The neural network model performs learning rate hyperparameter tuning due to the variable levels of abstraction within the taxonomic tree. The training process makes use of 5-fold cross validation to evaluate the models performance for each hyperparameter, using balanced accuracy as the evaluating metric. A best-model save policy is enforced using the mean accuracy across the 5-folds.

Attributes:

Name	Type	Description
`root_path`	`str`	The path to the project root.
`data_destination`	`str`	The path to where the neural network model and its training accuracy is saved.

`make_model(input_dimension, classes)`

This method creates a new neural network model.

This neural network has the following architecture: A variable input due to the varying number of input features.
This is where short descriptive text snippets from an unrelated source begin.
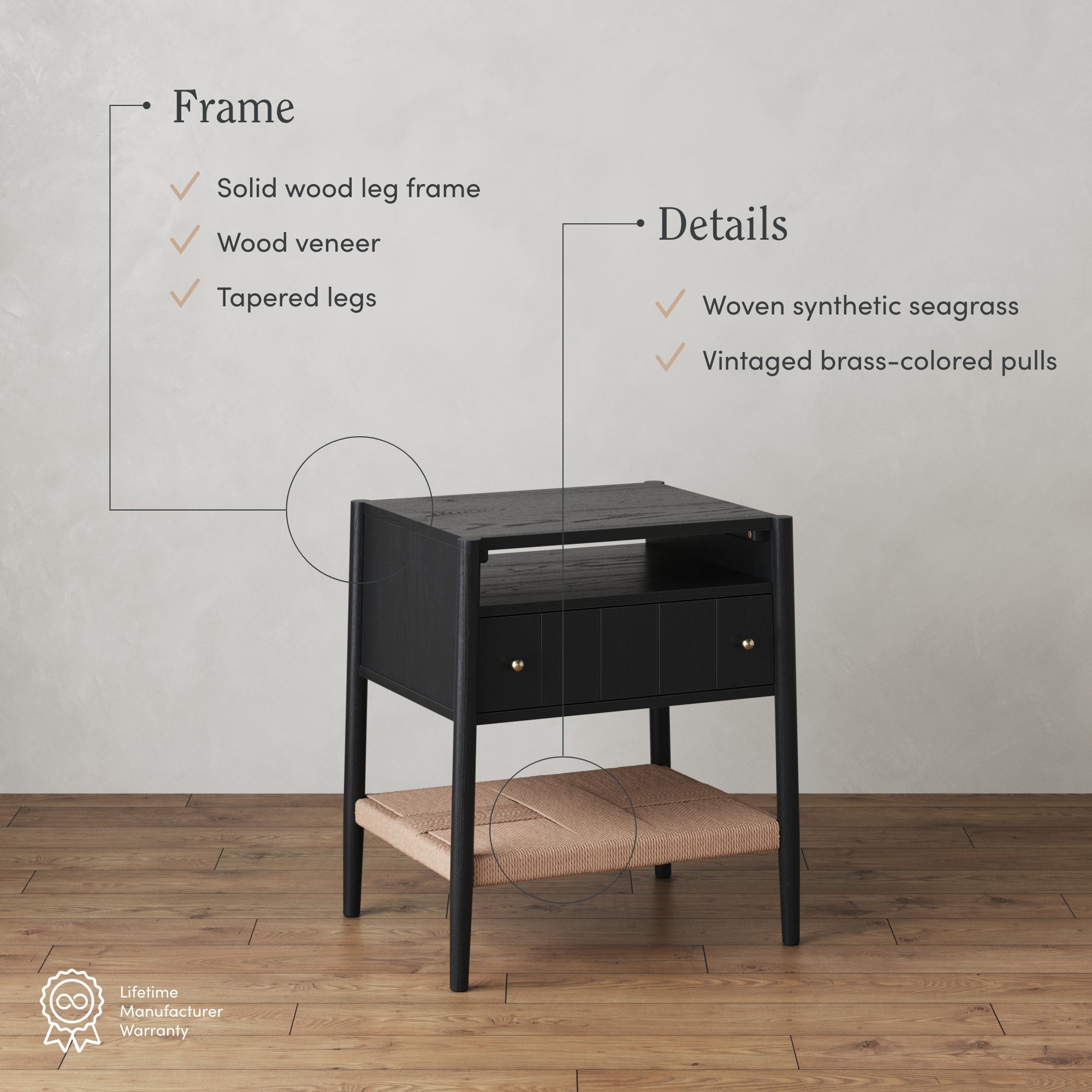A black wooden nightstand with a shelf made of woven synthetic seagrass and brass-colored pulls sits on a wood floor. Text highlights its solid wood leg frame, wood veneer, tapered legs, and featured materials.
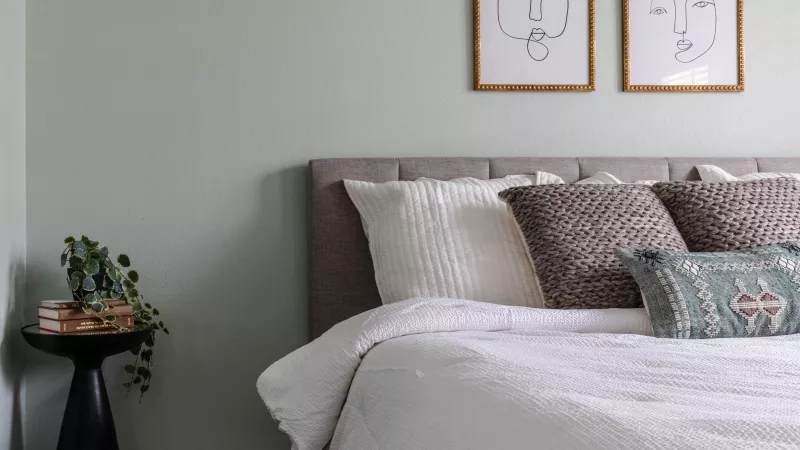 Stylish bedroom with sage green walls, a bed with white quilt and decorative pillows. Two framed minimalist face drawings hang above.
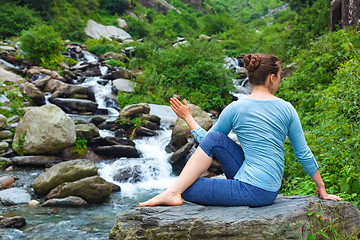 Image showing Woman doing Ardha matsyendrasana asana outdoors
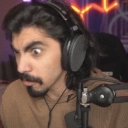 A man with a mustache and headphones looking at the camera with wide, shocked eyes.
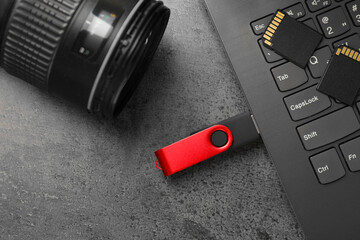 Flash drive, laptop, SD memory cards and camera on grey table, flat lay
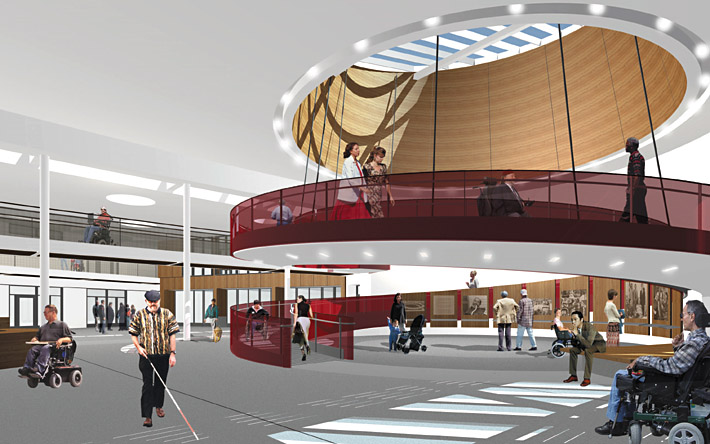 Interior view of the Ed Roberts Campus in Berkeley with a central spiral ramp and disabled people exploring the space.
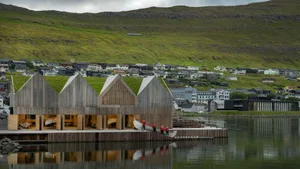 Modern wooden architectural design with a grass-covered hillside in the background.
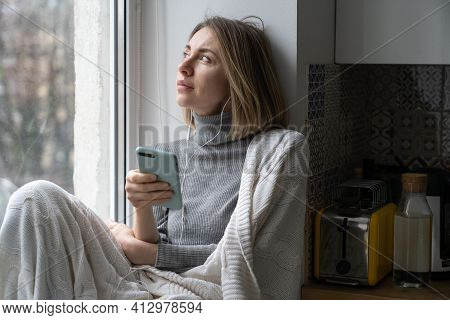 Pensive Woman Wrapped In Knitted Plaid Sitting On Windowsill Looking Through The Window At Home, Thi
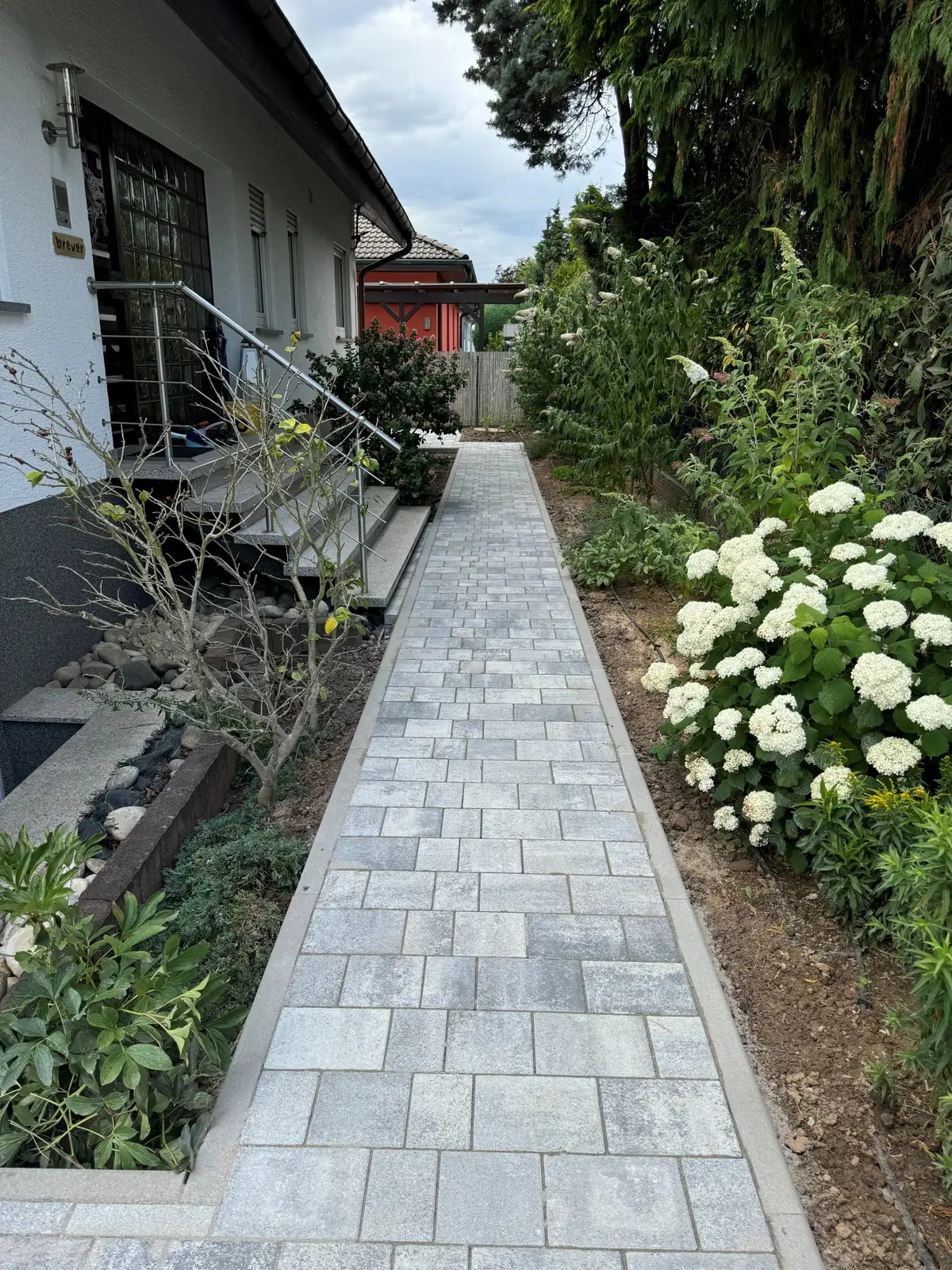 Schmaler Pflasterweg neben blühenden Beeten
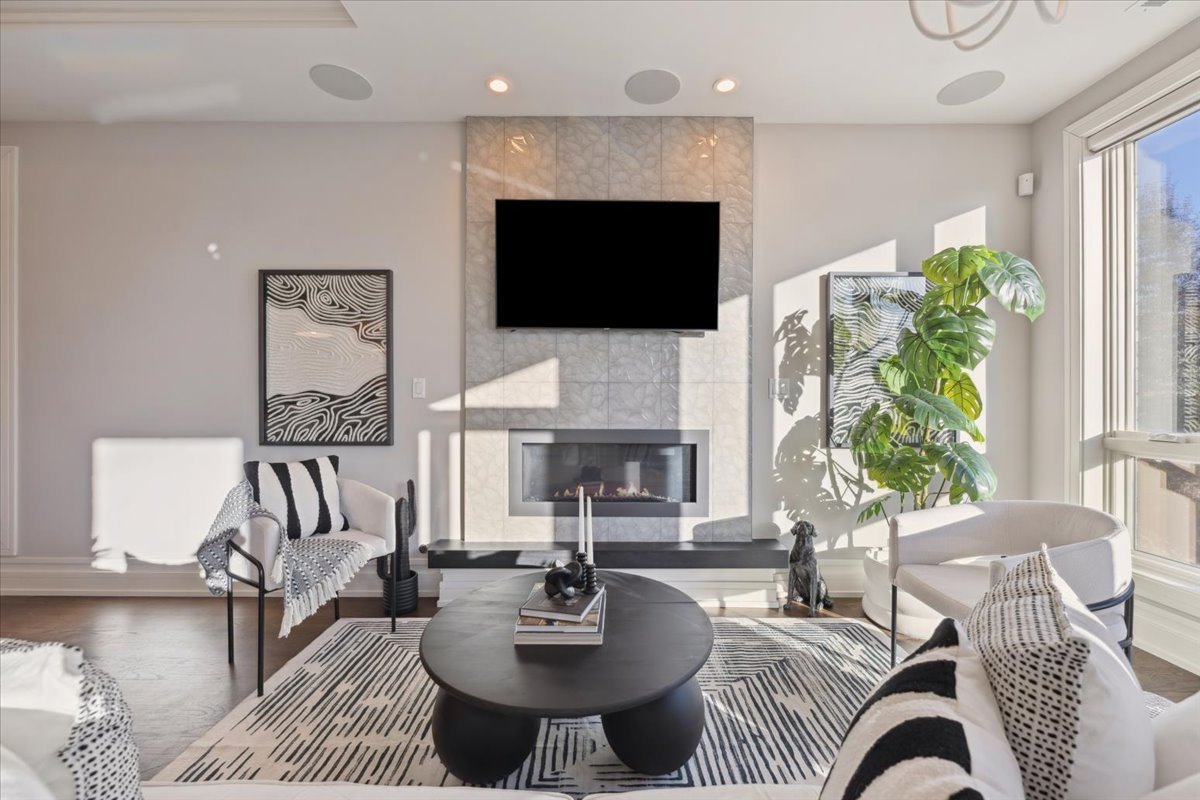 1448 West Chestnut Street, Unit 3 Chicago, IL 60642 - Photo 6 of 46 a living room with furniture fireplace and a flat screen tv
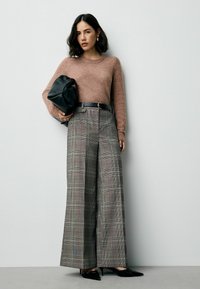 Brauner Pullover, graue karierte weit geschnittene Hose, schwarzer Gürtel und spitze schwarze Schuhe. Hält eine schwarze Tasche. Glatte Texturen und strukturierte Formen.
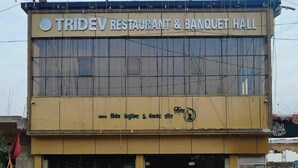 A building with a sign reading "TRIDEV RESTAURANT & BANQUET HALL". - Tridev Restaurant By GRB (Muzaffarpur)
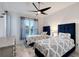 Bedroom with two twin beds and ceiling fan at 8063 Waterbend Trl, Sarasota, FL 34240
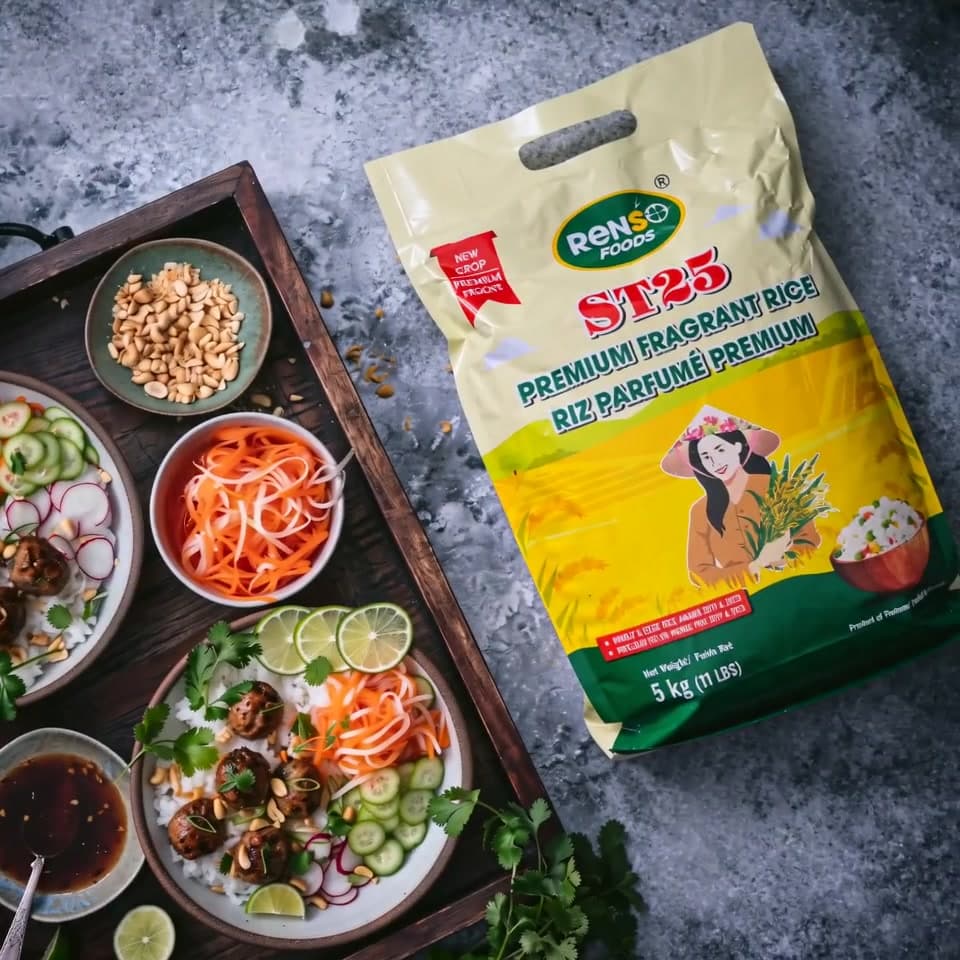 A Vietnamese meatball rice bowl spread on a wooden tray beside a bag of Renso ST25 fragrant rice
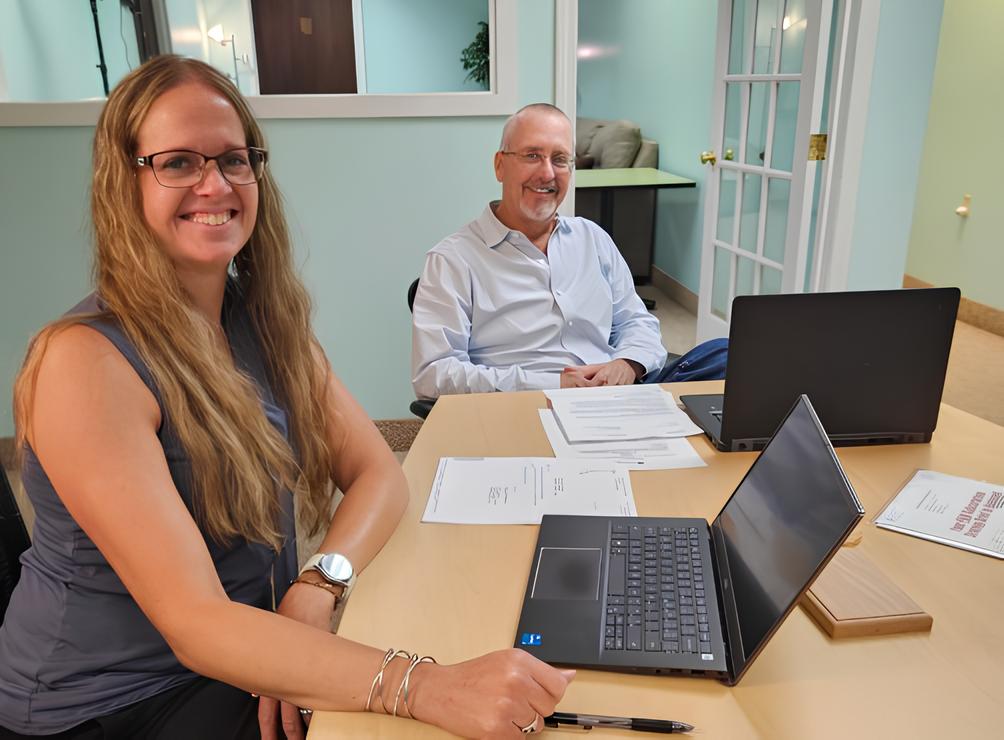 Two coworkers sit at a conference table with laptops and documents, smiling at the camera in a bright office setting.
Two densely interconnected layers of 80 and 60 neurons each with RELU activation functions. Finally, a softmax output layer.

Parameters:

Name	Type	Description	Default
`input_dimension`	`int`	The number of input features to the neural network	required
`classes`	`int`	The number of classes that should be classified in the output layer.	required

Returns:

Type	Description
`keras.Sequential`	The model constructed in the specified architecture, with appropriate input and output dimensions.

Source code in src/models/meta/neural_network_model.py

def make_model(input_dimension: int, classes: int) -> keras.Sequential:
    """This method creates a new neural network model.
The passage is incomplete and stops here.